(YOUR TASK)
Set the data below down again, exactly, with every picture left out.

(INFORMATION SUPPLIED)
════
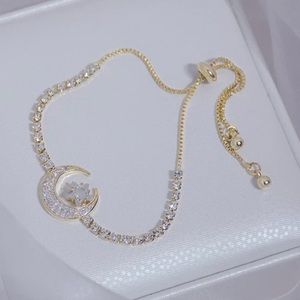 Moon and star 14k gold plated bracelet.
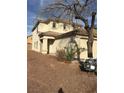 Two-story house with tan exterior, attached garage, and mature tree in front at 6528 Slate Springs Ct, Las Vegas, NV 89122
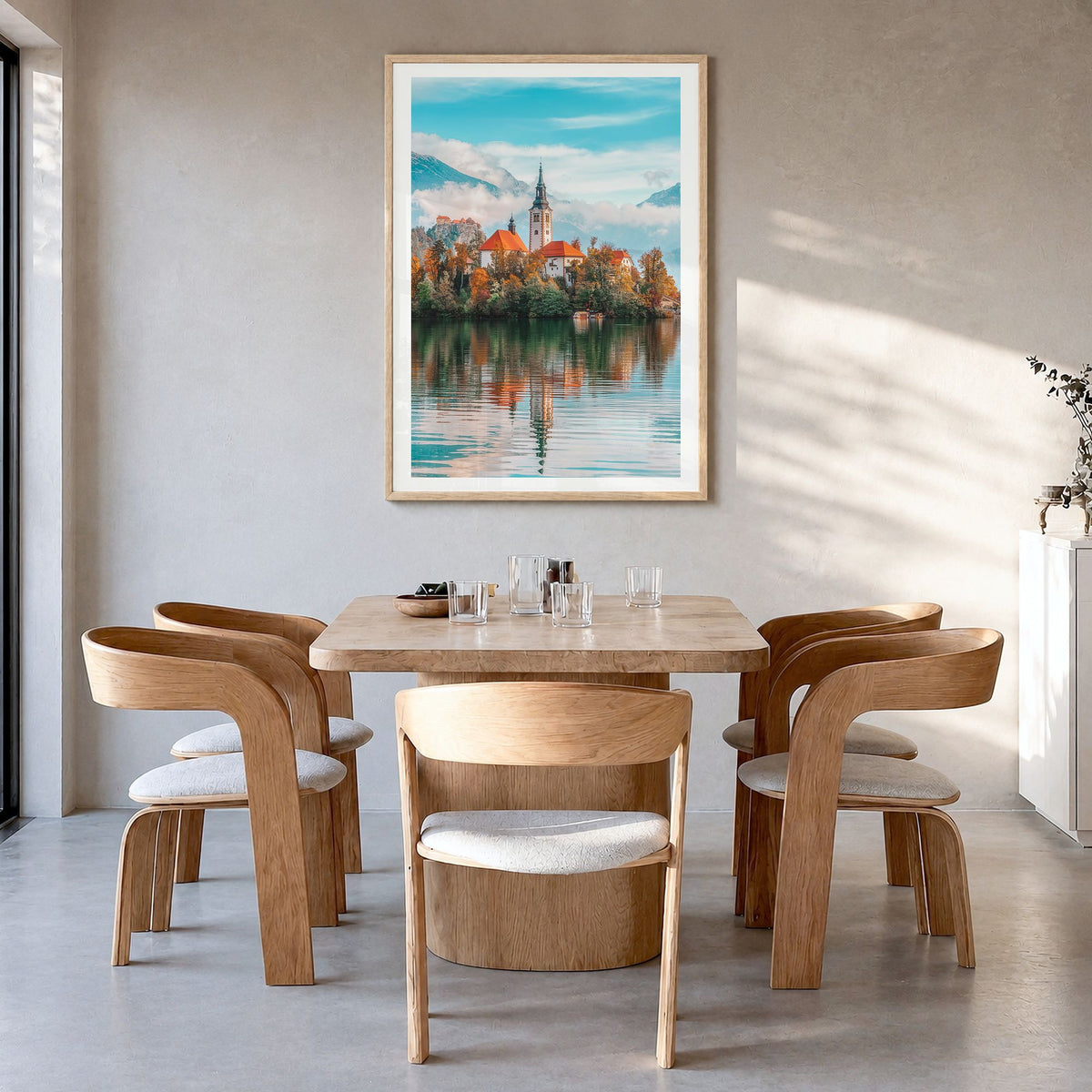 Slovenia Photo Poster in a natural wood frame, hanging in a dining room, white border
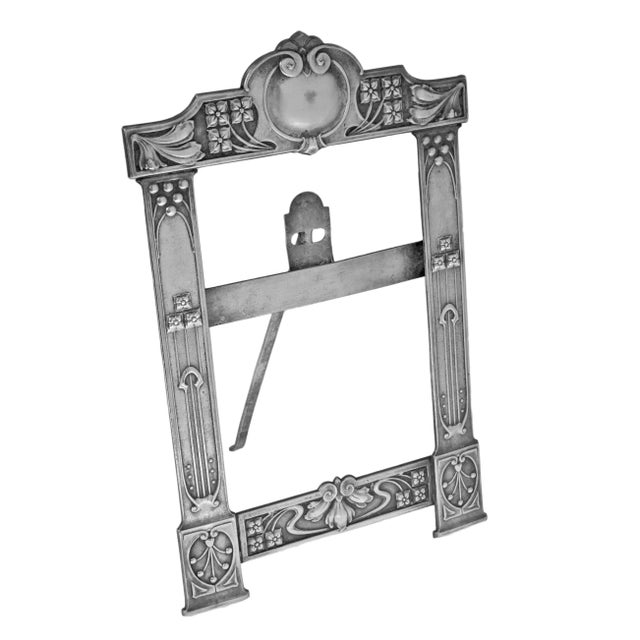 An elegant antique silver-plated picture frame in the Vienna Secessionist style, featuring clean lines and restrained...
════
(ANSWER SPACE)
 Moon and star 14k gold plated bracelet.
 Two-story house with tan exterior, attached garage, and mature tree in front at 6528 Slate Springs Ct, Las Vegas, NV 89122
 Slovenia Photo Poster in a natural wood frame, hanging in a dining room, white border
 An elegant antique silver-plated picture frame in the Vienna Secessionist style, featuring clean lines and restrained...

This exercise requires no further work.